Task description
Please write out only the lines from the line with "2016-Fiat-500-12_10" to the line with "Toyota Corolla E120", inclusive, exactly as they stand below, without the pictures.

Task inputs
= = = = =
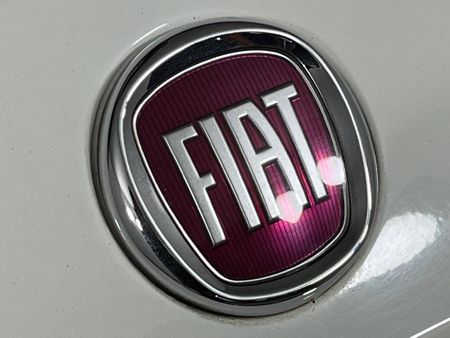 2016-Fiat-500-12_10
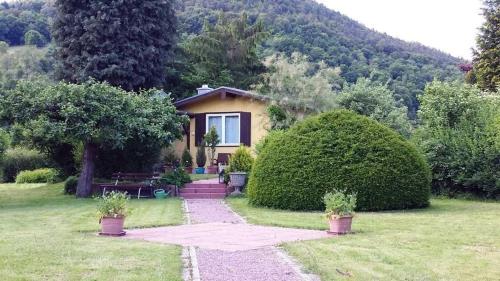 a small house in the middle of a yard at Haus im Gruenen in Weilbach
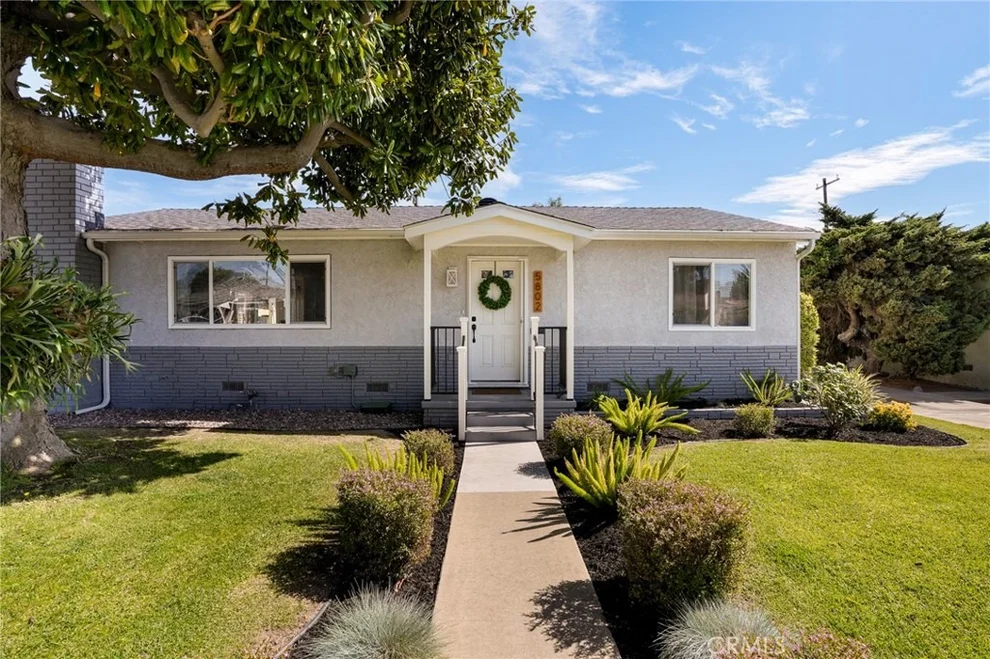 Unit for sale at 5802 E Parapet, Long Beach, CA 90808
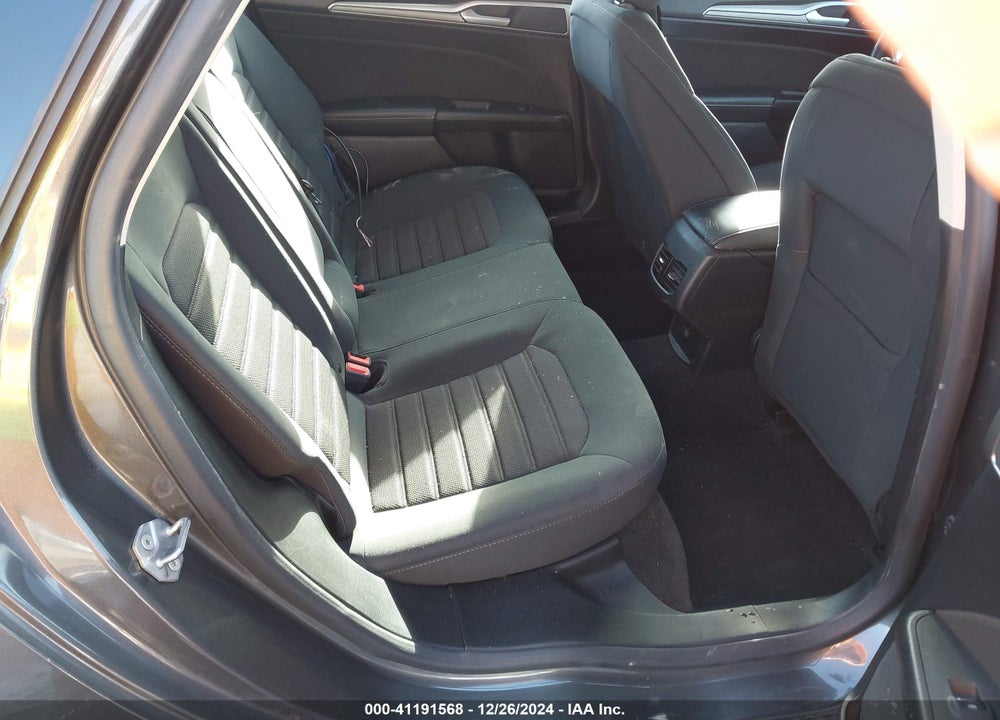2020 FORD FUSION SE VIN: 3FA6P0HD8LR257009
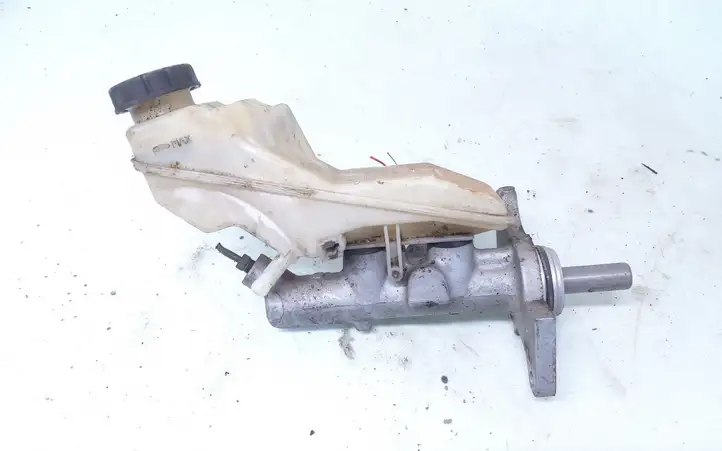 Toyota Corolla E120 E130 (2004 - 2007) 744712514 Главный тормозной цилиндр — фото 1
= = = = =
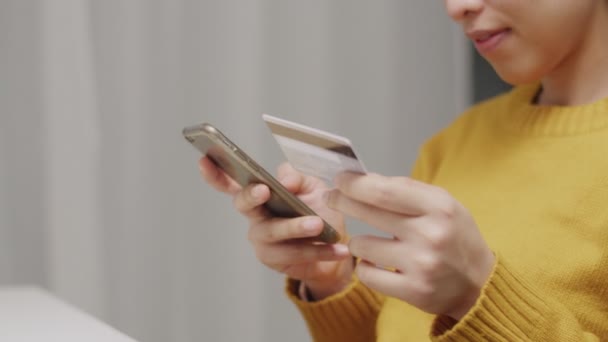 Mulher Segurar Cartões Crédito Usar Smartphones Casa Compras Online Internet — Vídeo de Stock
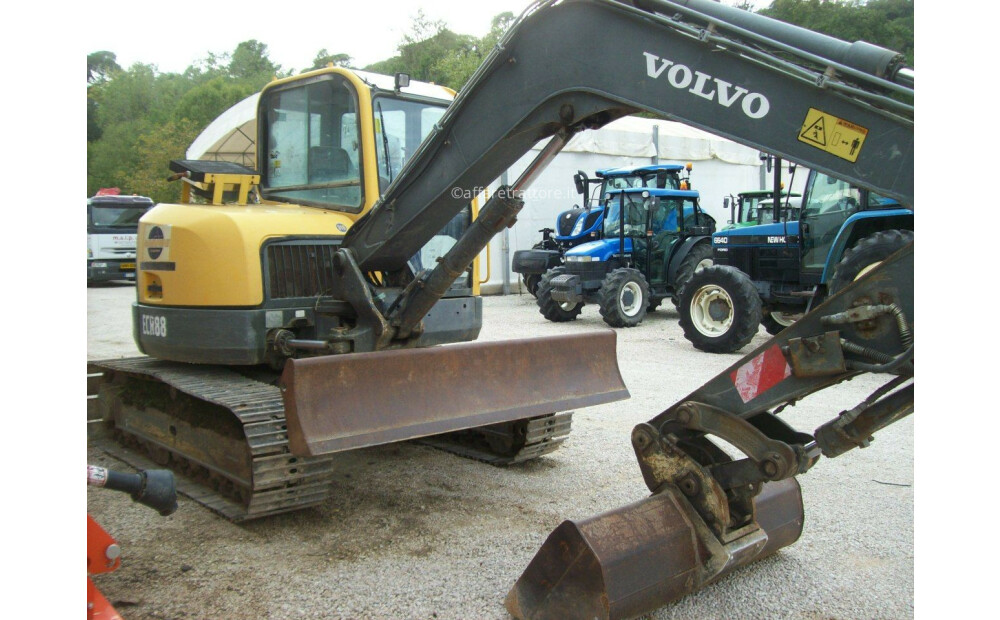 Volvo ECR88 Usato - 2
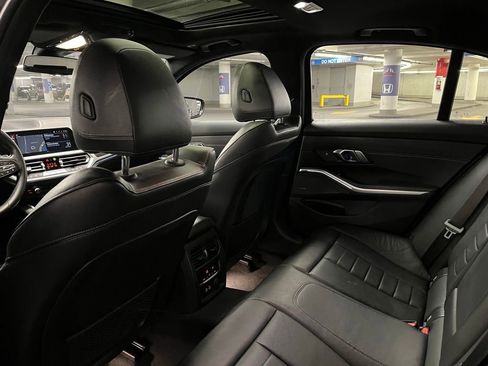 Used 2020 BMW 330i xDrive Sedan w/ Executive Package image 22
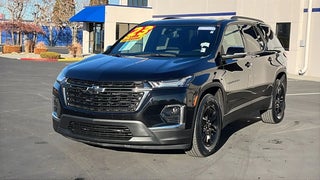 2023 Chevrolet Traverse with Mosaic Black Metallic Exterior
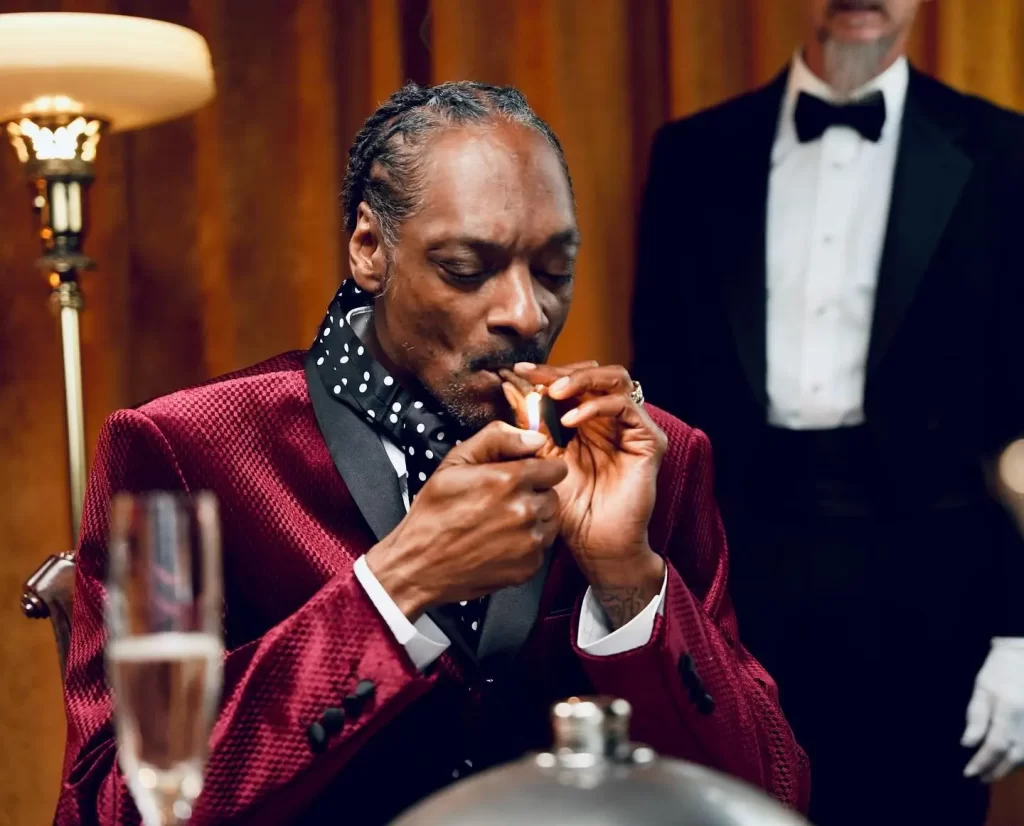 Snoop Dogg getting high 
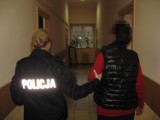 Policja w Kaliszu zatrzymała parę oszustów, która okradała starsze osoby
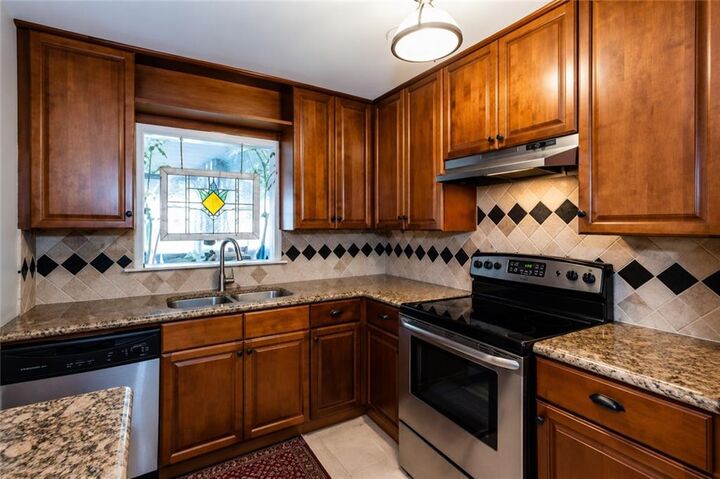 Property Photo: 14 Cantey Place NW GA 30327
= = = = =
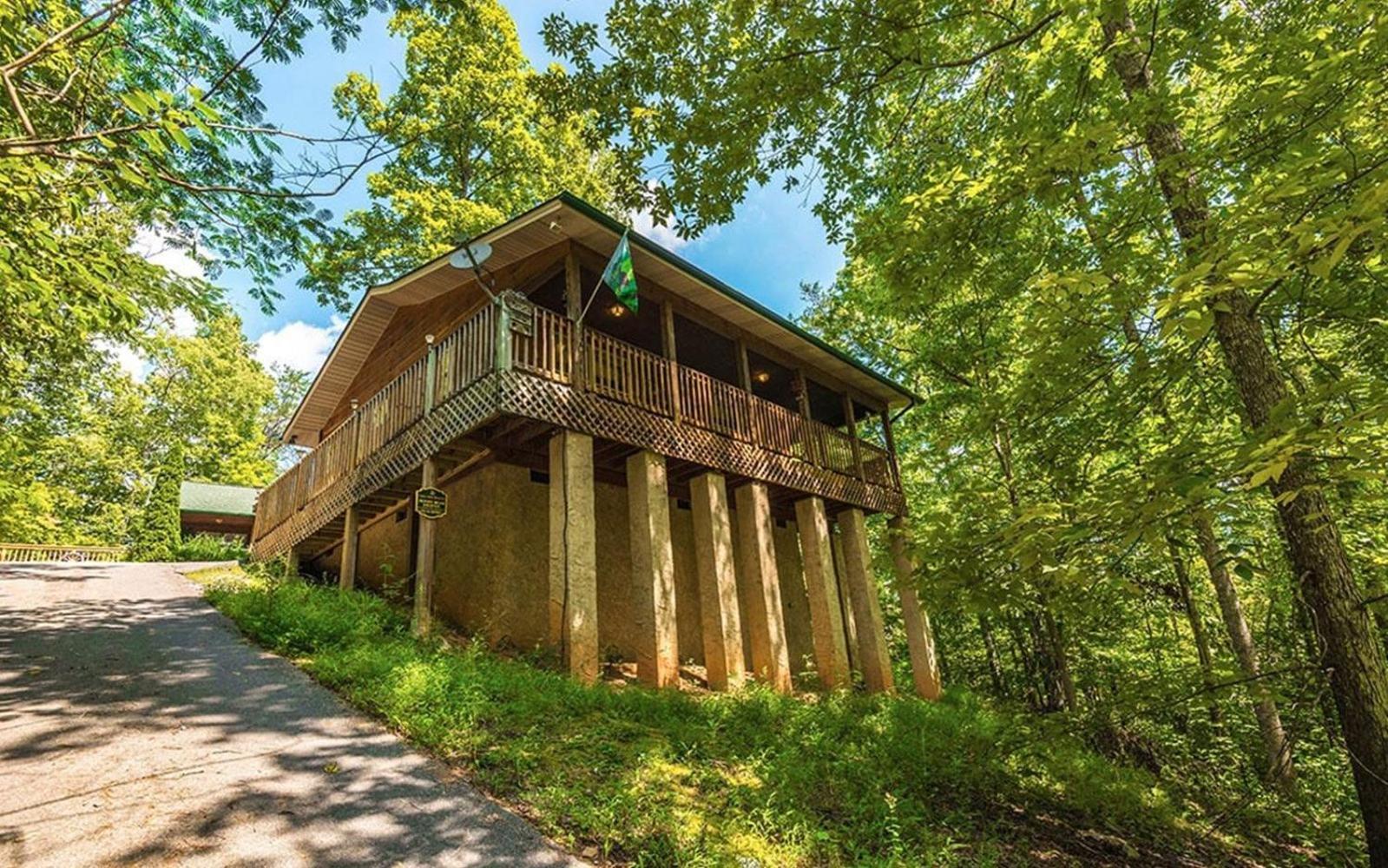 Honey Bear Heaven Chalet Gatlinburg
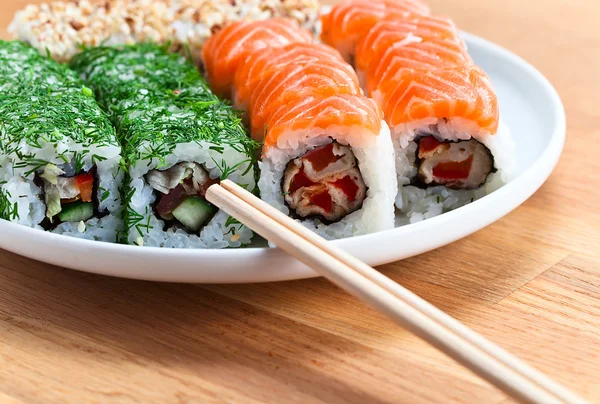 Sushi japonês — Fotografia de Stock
= = = = =
Answer to the exercise
 2016-Fiat-500-12_10
 a small house in the middle of a yard at Haus im Gruenen in Weilbach
 Unit for sale at 5802 E Parapet, Long Beach, CA 90808
2020 FORD FUSION SE VIN: 3FA6P0HD8LR257009
 Toyota Corolla E120 E130 (2004 - 2007) 744712514 Главный тормозной цилиндр — фото 1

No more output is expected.